[Start of Attachment]

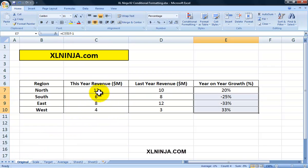In summary, conditional formatting is a really powerful way of showing your data more effectively using colors and formats, depending on the values of the cells and the rules that you apply to those cells.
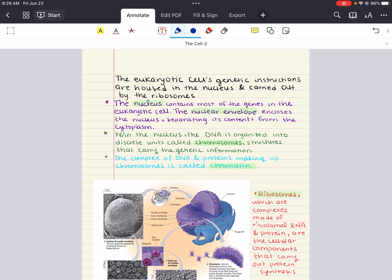Hello everybody, my name is Iman. Welcome back to my YouTube channel. Today we're continuing our lecture on the cell for our MCAT biology playlist. Last time we talked about microscopes and the cell theory. We talked about similarities and differences between prokaryotic and eukaryotic cells. We looked at a bacteria cell and talked about the components and organelles that make up the bacterial cell. Then we looked at plant and animal cells, which are examples of eukaryotic cells, and we kind of compared and contrasted them.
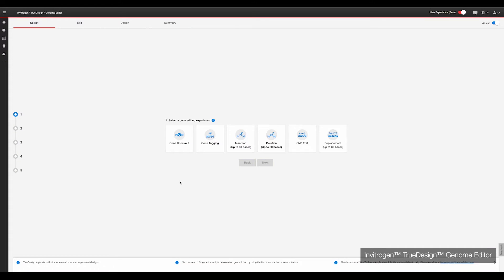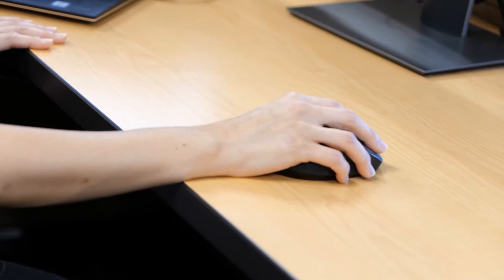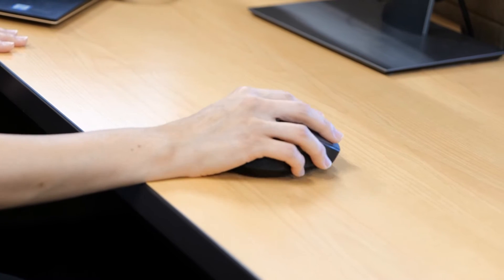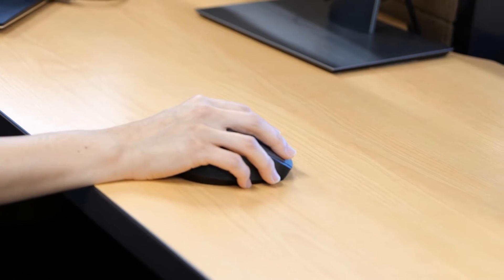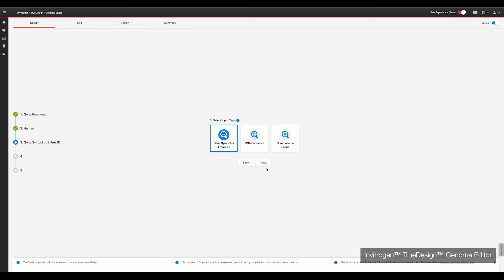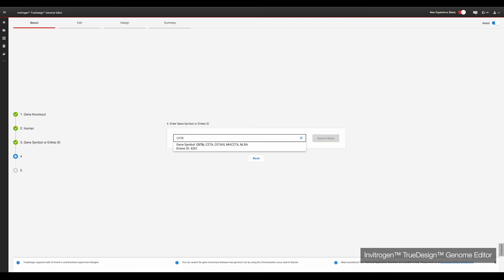The first step is to design the experiment and order the required reagents via the free Invitrogen TrueDesign Genome Editor software. For today's experiment, select Gene Knockout, select the species of cells — in this case human — and then search for the gene of interest, in this case C2TA.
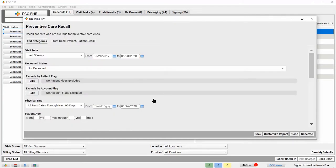The Preventive Care Recall Report gives a lot of options for tailoring your recall list. The first thing I'm going to do is use the Exclude by Patient flag filter to exclude patients who have transferred, are deceased, or are otherwise no longer being seen at my practice.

[End of Attachment]

Task requirements: Repeat the data word for word. Images are not part of the copy.

Output below:
In summary, conditional formatting is a really powerful way of showing your data more effectively using colors and formats, depending on the values of the cells and the rules that you apply to those cells.
Hello everybody, my name is Iman. Welcome back to my YouTube channel. Today we're continuing our lecture on the cell for our MCAT biology playlist. Last time we talked about microscopes and the cell theory. We talked about similarities and differences between prokaryotic and eukaryotic cells. We looked at a bacteria cell and talked about the components and organelles that make up the bacterial cell. Then we looked at plant and animal cells, which are examples of eukaryotic cells, and we kind of compared and contrasted them.
The first step is to design the experiment and order the required reagents via the free Invitrogen TrueDesign Genome Editor software. For today's experiment, select Gene Knockout, select the species of cells — in this case human — and then search for the gene of interest, in this case C2TA.
The Preventive Care Recall Report gives a lot of options for tailoring your recall list. The first thing I'm going to do is use the Exclude by Patient flag filter to exclude patients who have transferred, are deceased, or are otherwise no longer being seen at my practice.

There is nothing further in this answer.